Change her mind? She knew she shouldn’t say the words, but they marched right out of her mouth. “After all that’s happened, it’s your career you’re worried about, Rich? And finding the Big Take?”

He stopped cold, searched her face. He said slowly, “Why would you ask me that? Shouldn’t my career concern you as well, Rebekah? I mean, we live in this fishbowl together. As for the Big Take, you can do with it as you wish if we find it.”

The doorbell rang.

He gave her a long look. “Stay here, Rebekah. I’ll see who that is. And then you and I need to get this straightened out.”





60


It was a professional messenger service with a package, asking for a signature.

When Rich returned to the living room, he handed Rebekah a heavy square box. He said, “It’s addressed to you, from your father’s lawyer, Mr. James Pearson at Pearson, Schultz and Meyers here in Washington. I signed for it.”

Rebekah felt her heart pounding as she carried the box back into the living room and set it on an antique marquetry table. Rich handed her scissors, and she cut away the tape and opened the box, her hands unsteady. Taped on top of a thick bubble-wrapped package was a sealed envelope with REBEKAH written in black ink. Her breath caught at the sight of her father’s distinctive sloping handwriting. She stood there a moment, holding the letter, wondering if her world was about to change.

Rich said, his voice gentle, “Do you want me to open the letter, Rebekah?”

“No, no, I will.” She got it together and slowly opened the envelope to find six handwritten pages. Her heart pounded slow, deep strokes. The letter was dated four years before the strokes had plunged her father into a sixteen-year coma. She’d have been eight years old.

She stepped away, holding the letter close, and read:

My dearest Rebekah:

As I write this letter, you are still my delightful girl, my Pumpkin. Since you are reading my letter, I’ve been dead for one month, and I hope you are at least twenty-one. Perhaps you are married, with children of your own. I hope you’re happy, that your husband is, or will be, faithful and kind. Ah, isn’t that what all of us wish for when we marry?

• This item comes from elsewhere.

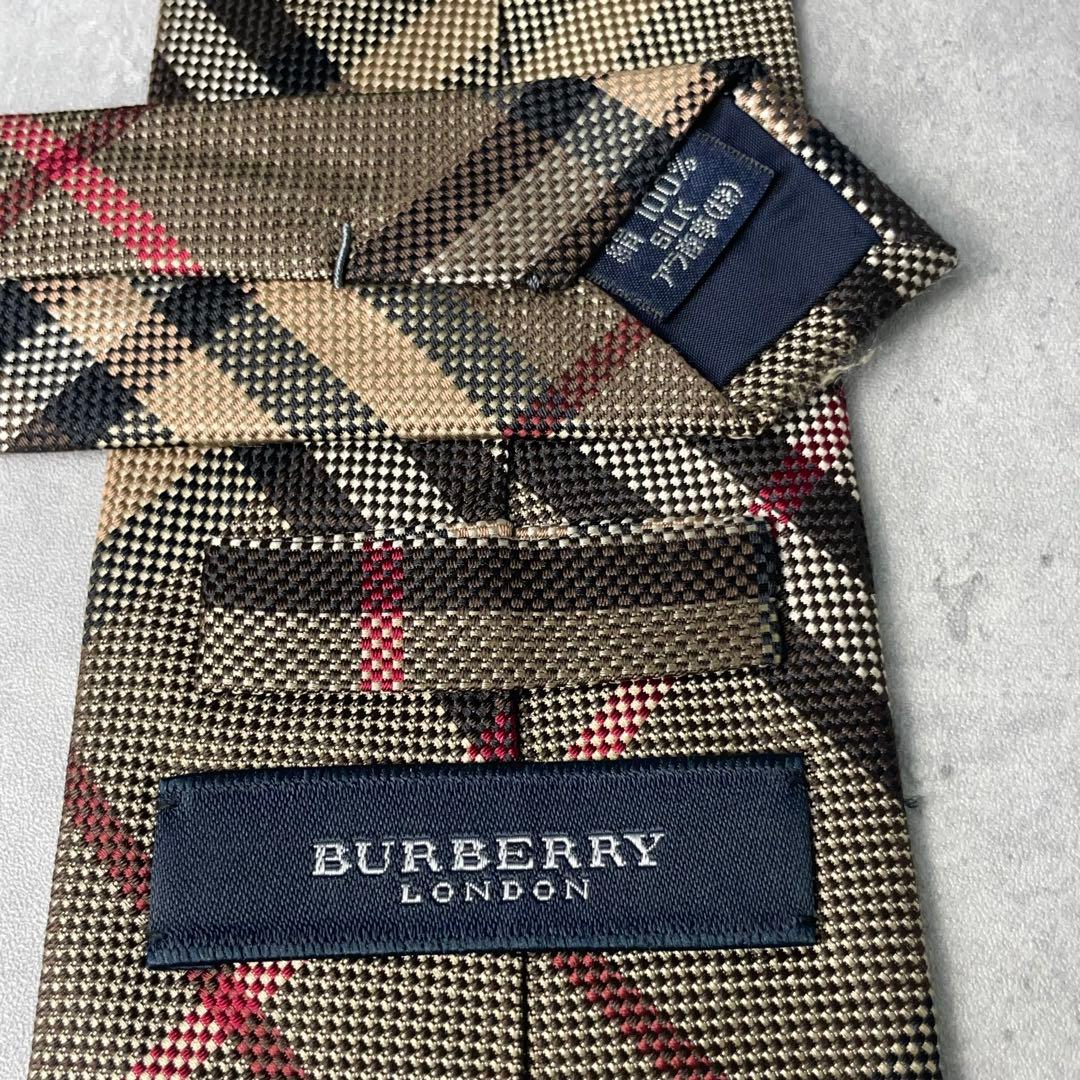 美品 BURBERRY LONDON ジャガード ノバチェック柄 ネクタイ 茶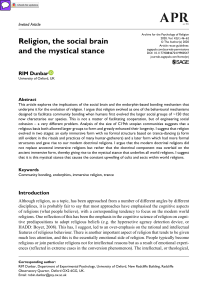 Religion, Social Brain & Mystical Stance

I would have preferred to tell you this myself when you grew up, but it appears I never got the chance.

There are so many things you don’t know, things you wouldn’t have understood as a child. Let me begin with the most important, the truth of who I really am to you. Perhaps Gemma or Caitlin has already told you, though they promised me they wouldn’t, and it wasn’t in Gemma’s interests that you know. In any case, it’s time you did know, directly from me. My darling girl, I am not your grandfather as you were raised to believe. I am your father. I met a young woman in Washington in the late eighties, and we had an affair. When she discovered she was pregnant, she told me she simply couldn’t keep you, couldn’t accommodate a baby in her life. I wanted you very much, so I paid her to carry you to term and sign adoption papers to give you over to me. No, she didn’t extort me. She had a very sick mother she cared for and staggering medical bills, so she agreed. You will want to know your birth mother’s maiden name was Constance Riley. If you wish to find her, I can tell you she moved back to England, to Birmingham.

I was in public life, as you know, and I couldn’t let it be known I had adopted my own child, born out of wedlock. I didn’t want Gemma to be your mother, and I knew she would refuse in any case. So Caitlin and I decided she would be your mother and I would be your grandfather. I was certainly old enough. To be honest, Caitlin was hesitant, but once she saw you and held you as I had, she wanted you. Never doubt that, dearest.

Forgive me for the deception, but at the time I didn’t feel I had a choice. Giving you over to Caitlin was the best way forward for all of us. It kept you close to me, and my love for you only blossomed as the years passed. It wasn’t the same for Gemma, of course. She was against my plan, but I gave her no choice. If she wanted to keep running Clarkson United, she had to agree and accept being your grandmother. Our estrangement was complete from that point on.